» YOUR GOAL:
Once you reach the line containing "Tải game VIOLENT RUSH-P2P", write out that line and every remaining line of the records exactly.
BEGIN WORKING DATA
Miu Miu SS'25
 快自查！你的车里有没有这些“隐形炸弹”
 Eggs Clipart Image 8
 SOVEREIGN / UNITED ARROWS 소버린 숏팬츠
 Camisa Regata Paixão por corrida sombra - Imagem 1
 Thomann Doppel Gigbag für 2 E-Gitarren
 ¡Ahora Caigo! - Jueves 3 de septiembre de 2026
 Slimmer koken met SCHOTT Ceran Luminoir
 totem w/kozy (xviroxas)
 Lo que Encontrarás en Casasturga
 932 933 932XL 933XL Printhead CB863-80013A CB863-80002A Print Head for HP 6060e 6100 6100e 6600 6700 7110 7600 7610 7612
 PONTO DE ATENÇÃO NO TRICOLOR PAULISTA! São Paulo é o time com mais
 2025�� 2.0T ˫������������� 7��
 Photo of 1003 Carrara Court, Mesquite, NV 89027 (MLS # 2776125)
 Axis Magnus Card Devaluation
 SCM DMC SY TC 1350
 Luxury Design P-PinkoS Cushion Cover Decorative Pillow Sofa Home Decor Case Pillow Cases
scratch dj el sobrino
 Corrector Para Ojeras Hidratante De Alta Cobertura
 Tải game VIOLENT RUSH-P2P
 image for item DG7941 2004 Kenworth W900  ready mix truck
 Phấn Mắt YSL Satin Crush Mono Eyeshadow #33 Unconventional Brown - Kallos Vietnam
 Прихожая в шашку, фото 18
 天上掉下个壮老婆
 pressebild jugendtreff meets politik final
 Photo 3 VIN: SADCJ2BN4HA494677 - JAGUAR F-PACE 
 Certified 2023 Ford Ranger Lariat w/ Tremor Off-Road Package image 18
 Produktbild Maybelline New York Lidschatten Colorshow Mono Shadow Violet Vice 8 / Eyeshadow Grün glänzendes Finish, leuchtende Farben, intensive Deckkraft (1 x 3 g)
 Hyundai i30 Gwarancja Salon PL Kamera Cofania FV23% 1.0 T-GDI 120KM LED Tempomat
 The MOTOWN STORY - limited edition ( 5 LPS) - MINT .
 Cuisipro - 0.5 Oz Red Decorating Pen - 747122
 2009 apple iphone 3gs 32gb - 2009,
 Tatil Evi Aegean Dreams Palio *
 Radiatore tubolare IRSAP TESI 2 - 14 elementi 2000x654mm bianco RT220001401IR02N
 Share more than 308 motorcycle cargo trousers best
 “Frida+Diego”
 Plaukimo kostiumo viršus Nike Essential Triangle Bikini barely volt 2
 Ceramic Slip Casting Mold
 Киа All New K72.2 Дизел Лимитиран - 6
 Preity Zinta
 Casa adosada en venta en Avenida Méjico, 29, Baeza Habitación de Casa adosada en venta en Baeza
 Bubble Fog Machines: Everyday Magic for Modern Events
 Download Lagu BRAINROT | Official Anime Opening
END WORKING DATA
» RESULT FOR THIS EXERCISE:
 Tải game VIOLENT RUSH-P2P
 image for item DG7941 2004 Kenworth W900  ready mix truck
 Phấn Mắt YSL Satin Crush Mono Eyeshadow #33 Unconventional Brown - Kallos Vietnam
 Прихожая в шашку, фото 18
 天上掉下个壮老婆
 pressebild jugendtreff meets politik final
 Photo 3 VIN: SADCJ2BN4HA494677 - JAGUAR F-PACE 
 Certified 2023 Ford Ranger Lariat w/ Tremor Off-Road Package image 18
 Produktbild Maybelline New York Lidschatten Colorshow Mono Shadow Violet Vice 8 / Eyeshadow Grün glänzendes Finish, leuchtende Farben, intensive Deckkraft (1 x 3 g)
 Hyundai i30 Gwarancja Salon PL Kamera Cofania FV23% 1.0 T-GDI 120KM LED Tempomat
 The MOTOWN STORY - limited edition ( 5 LPS) - MINT .
 Cuisipro - 0.5 Oz Red Decorating Pen - 747122
 2009 apple iphone 3gs 32gb - 2009,
 Tatil Evi Aegean Dreams Palio *
 Radiatore tubolare IRSAP TESI 2 - 14 elementi 2000x654mm bianco RT220001401IR02N
 Share more than 308 motorcycle cargo trousers best
 “Frida+Diego”
 Plaukimo kostiumo viršus Nike Essential Triangle Bikini barely volt 2
 Ceramic Slip Casting Mold
 Киа All New K72.2 Дизел Лимитиран - 6
 Preity Zinta
 Casa adosada en venta en Avenida Méjico, 29, Baeza Habitación de Casa adosada en venta en Baeza
 Bubble Fog Machines: Everyday Magic for Modern Events
 Download Lagu BRAINROT | Official Anime Opening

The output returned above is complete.